DATA EXCERPT below:

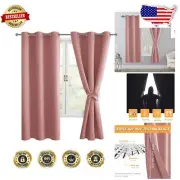 Blackout Window Curtain Panels in Dusty Rose - Noise Reduction & Privacy Control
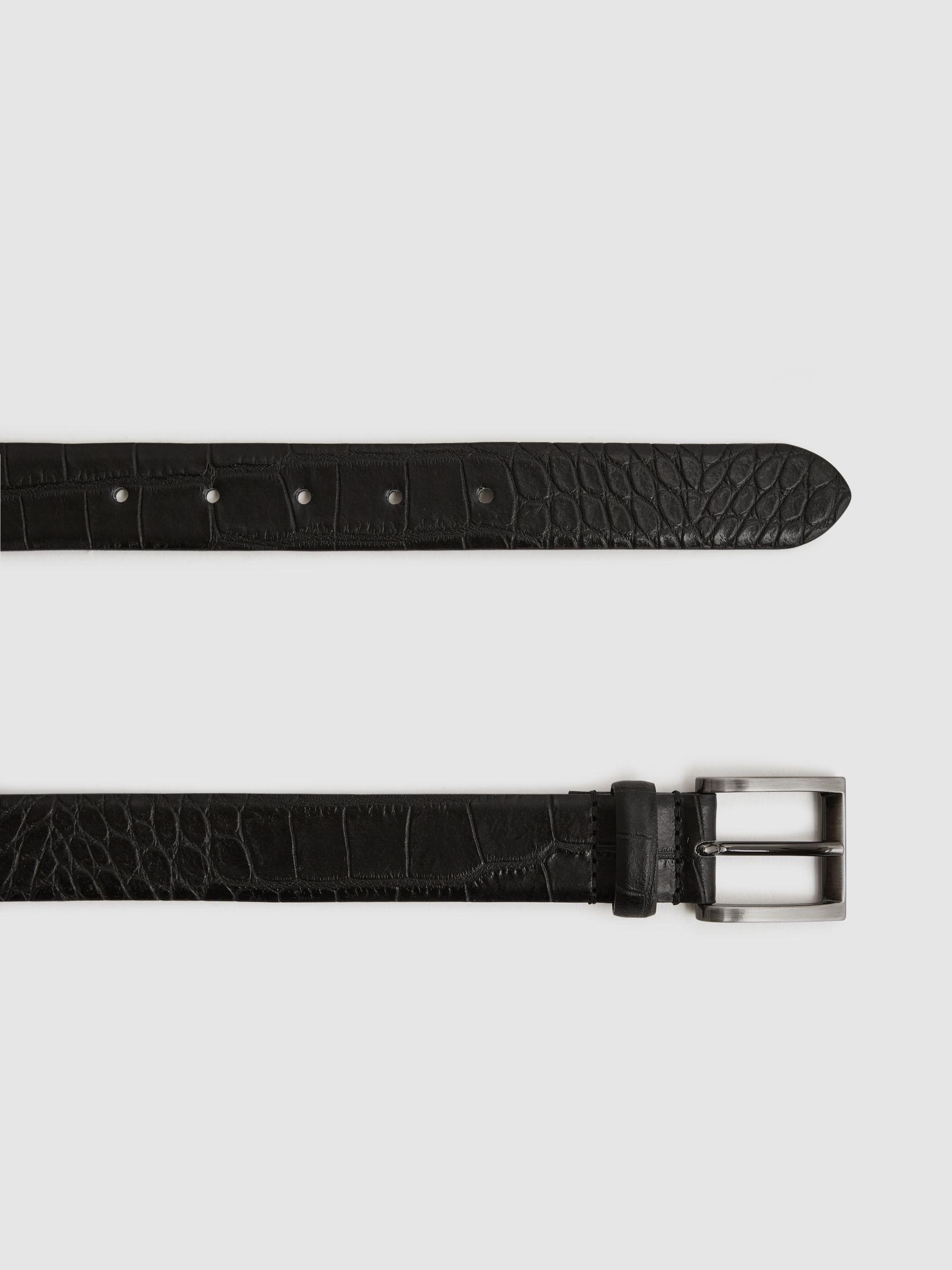 Leather Crocodile Print Belt in Black/Gunmetal Product Image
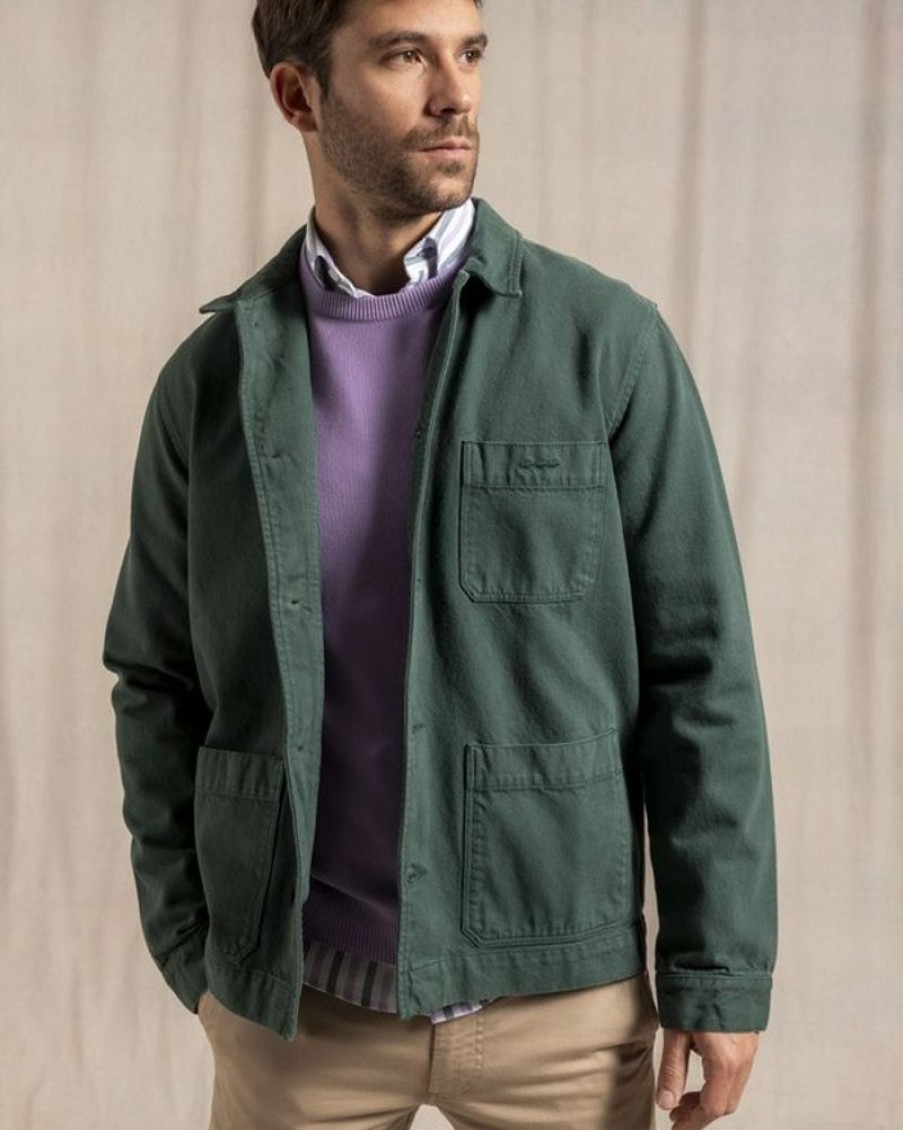 Mise au Green Veste | Veste Peintre Unie Broderie 3 Vaches En Coton Colvert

End of DATA EXCERPT.

## EXERCISE REQUIREMENTS
Would you give the data above again word for word, skipping any images?

## REPLY TO THE EXERCISE
 Blackout Window Curtain Panels in Dusty Rose - Noise Reduction & Privacy Control
 Leather Crocodile Print Belt in Black/Gunmetal Product Image
 Mise au Green Veste | Veste Peintre Unie Broderie 3 Vaches En Coton Colvert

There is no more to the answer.